That said, the Roadmap does give ample detail about the particular value of open information and communication technologies. Most useful, perhaps, is the section on how open ICT ecosystems can evolve. The Roadmap authors pointedly do not expect governments and organizations to shift to an open approach in one great leap; rather, the move to openness requires a great deal of rapid prototyping and incremental adjustments, to allow the particulars of the implementation to match the organization's context. That's the corollary to the low-level similarity of needs across disciplines: the specific circumstances of each case will be highly variable. The guidelines and the Roadmap don't tell you the answer, they help you find the answer.

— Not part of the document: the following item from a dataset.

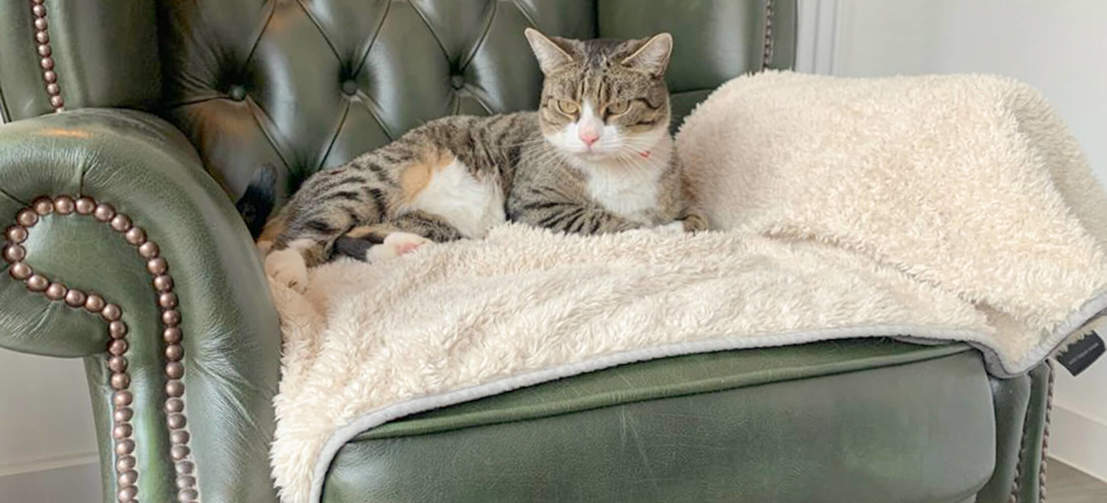 Katten zullen het heerlijk vinden om te ontspannen op dit luxe, superzachte deken tijdens een lang middagdutje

This is one of those documents where the short length -- it's well under 50 pages -- belies the richness of the material. Open ICT systems have a definite value for development efforts, in terms of both leapfrogging and local/regional economic regeneration (it would be useful, for example, for the reconstruction of the Gulf Coast to keep the principles of open systems in mind). Even more useful, at least for me, is the degree to which the Roadmap triggers further consideration of how the open system concept applies outside of the realm of information and communication technology. The core principles of "connectivity, collaboration and transparency" have far broader application than just ICT; they are at the heart of a robust, flexible and sustainable model of society.
Web2.0 is about glocalization, it is about making global information available to local social contexts and giving people the flexibility to find, organize, share and create information in a locally meaningful fashion that is globally accessible.